Ходил Танабай, подбирал приплод, смотрит – учетчик бумагу сует ему:
– Подпишите акт о падеже.
Подписал не глядя. Черкнул так, что карандаш сломался.
– До свидания, Танаке. Может, передать что? Скажите.
– Нечего мне сказывать. – Потом все же задержал парнишку. – Заверни к Бектаю. Передай: завтра к обеду как-нибудь выберусь.
Напрасно беспокоился Танабай. Опередил его Бектай. Сам пришел, да еще как пришел…
Той ночью снова потянул ветерок, пошел снег, не очень густо, но к утру припорошил землю набело. Припорошил и овец в загоне, всю ночь простоявших на ногах. Не ложились они теперь. Собьются в кучу и стоят неподвижные и безразличные ко всему. Слишком долго тянулась бескормица, слишком долго боролась весна с зимой.
В кошаре стоял холод. Снежинки падали через размытую дождями крышу, кружились в тусклом свете фонарей и плавно опускались вниз, на стынущих маток и ягнят. А Танабай все толкался среди овец, исполнял службу свою, как солдат похоронной команды на поле боя после побоища. Он уже свыкся со своими тяжелыми мыслями, возмущение его перешло в молчаливое озлобление. Колом стояло оно в душе, согнуться не позволяло. Ходил он, чавкая сапогами по жиже, дело свое делал и все вспоминал урывками в эти ночные часы прошлую свою жизнь…

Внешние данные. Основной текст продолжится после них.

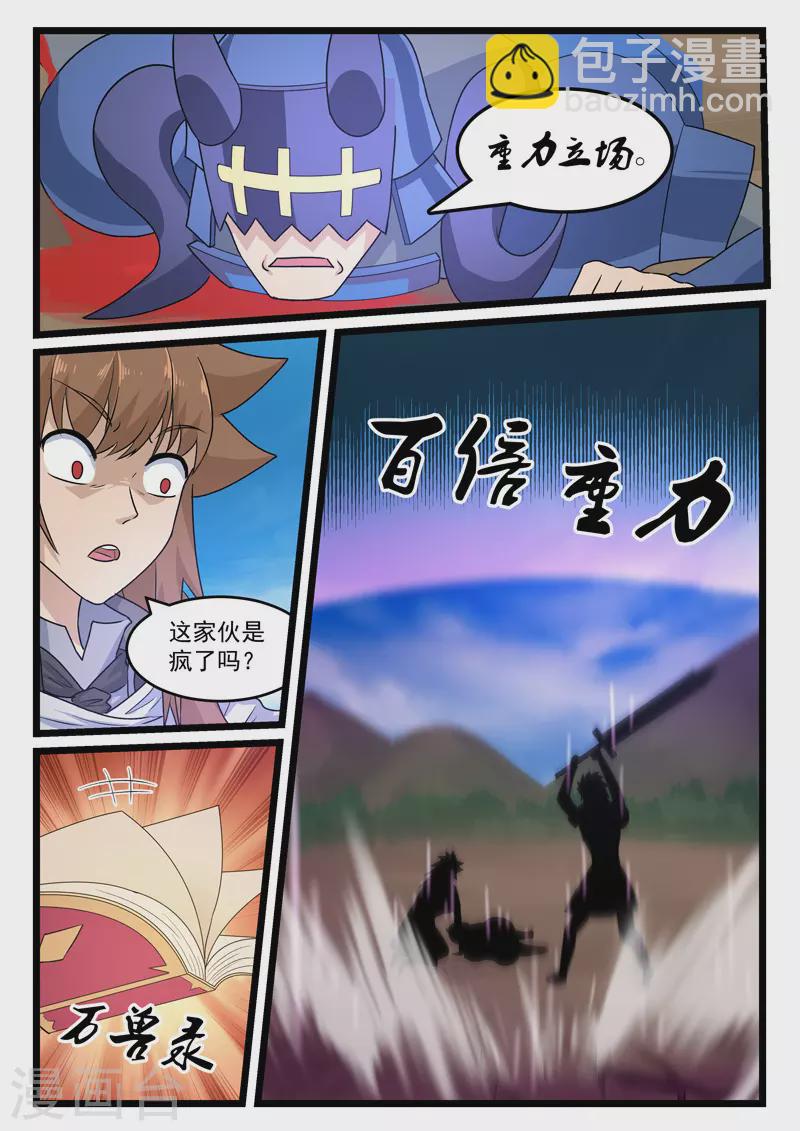 第389话-第395话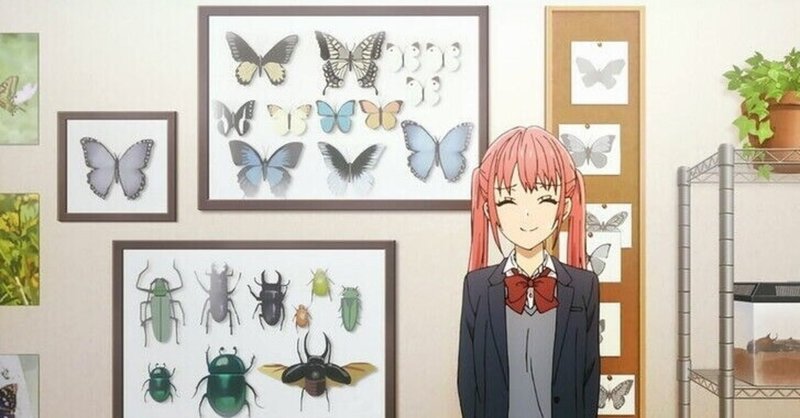 堀さんと宮村くん の新着タグ記事一覧 Note つくる つながる とどける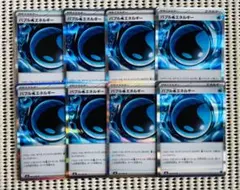 ゆっきー様 リクエスト 2点 まとめ商品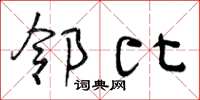 曾庆福邻比草书怎么写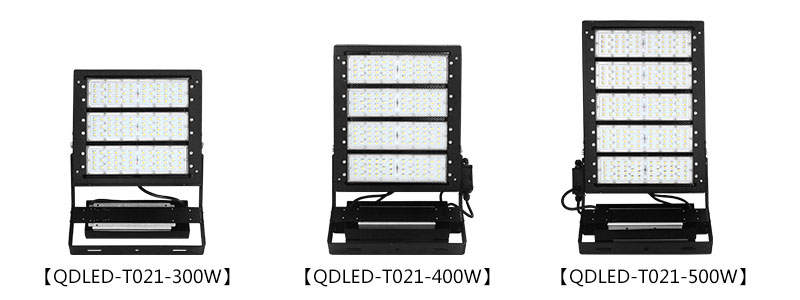 300W、400W、500W体育场馆麻豆视频传媒下载LED模组投光灯图片
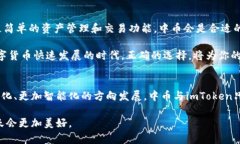 中币与imToken：数字货币时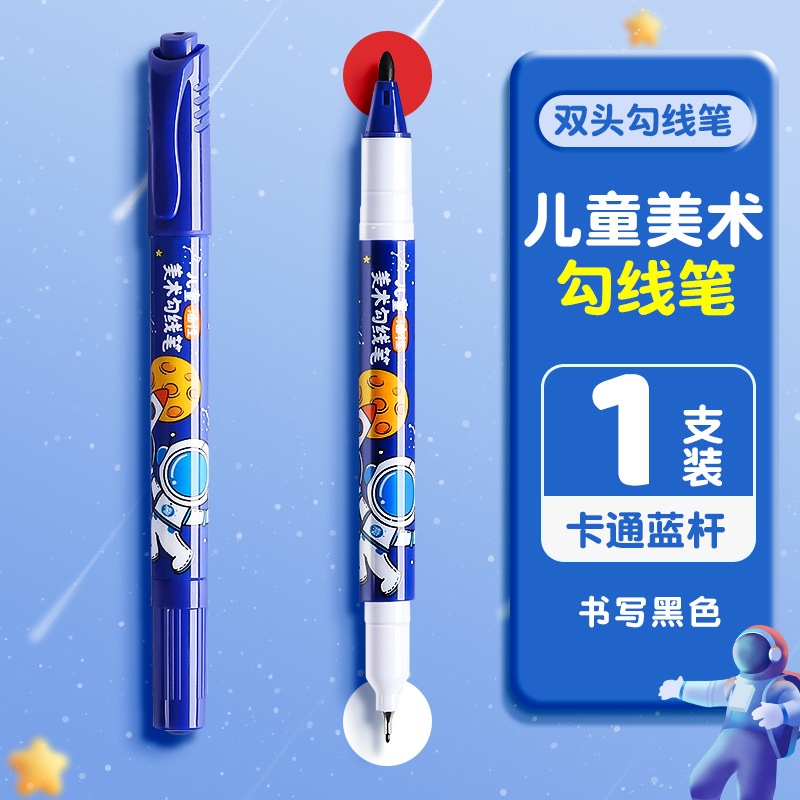 Niños verdaderos de color gancho de línea doble cabeza negra aceitosa cabeza gruesa arte delgada cabeza rápida secado marcador de lápiz para estudiantes de primaria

Бегал когда-то он мальчишкой-подпаском. Пасли вместе с братом Кулубаем овец у одного родственника. Прошел год, и оказалось, что работали они только за одни харчи. Надул хозяин. И разговаривать не захотел. Так и ушли они с прохудившимися чокоями на ногах, со своими жалкими котомками за спинами, с пустыми руками. Уходя, Танабай пригрозил хозяину: «Я тебе это припомню, когда вырасту». А Кулубай ничего не сказал. Он был старше лет на пять. Он знал, что этим хозяина не испугаешь. Другое дело самому стать хозяином, скотом обзавестись, землю заиметь. «Буду хозяином – никогда не обижу работника», – говаривал он уже тогда. С тем они и расстались в том году. Кулубай пошел в пастухи к другому баю, а Танабай подался в Александровку, батраком к русскому поселенцу Ефремову. Мужик этот был не очень богатый – пара волов да пара лошадей, свое поле пахотное. Хлеб сеял. Пшеницу свозил на вальцовую мельницу в городишко Аулиэ-Ата. Работал сам с рассвета и до ночи, Танабай у него больше за волами и лошадьми ходил. Строг был, но в справедливости тоже нельзя было отказать. Положенное платил. Тогдашняя киргизская беднота, вечно обираемая своими же сородичами, предпочитала наниматься к русским хозяевам. Выучился Танабай говорить по-русски, побывал вместе с извозом в городишке том Аулиэ-Ата, свет повидал немного. А там революция подоспела. И перевернулось все вверх дном. Пришло время Танабаев.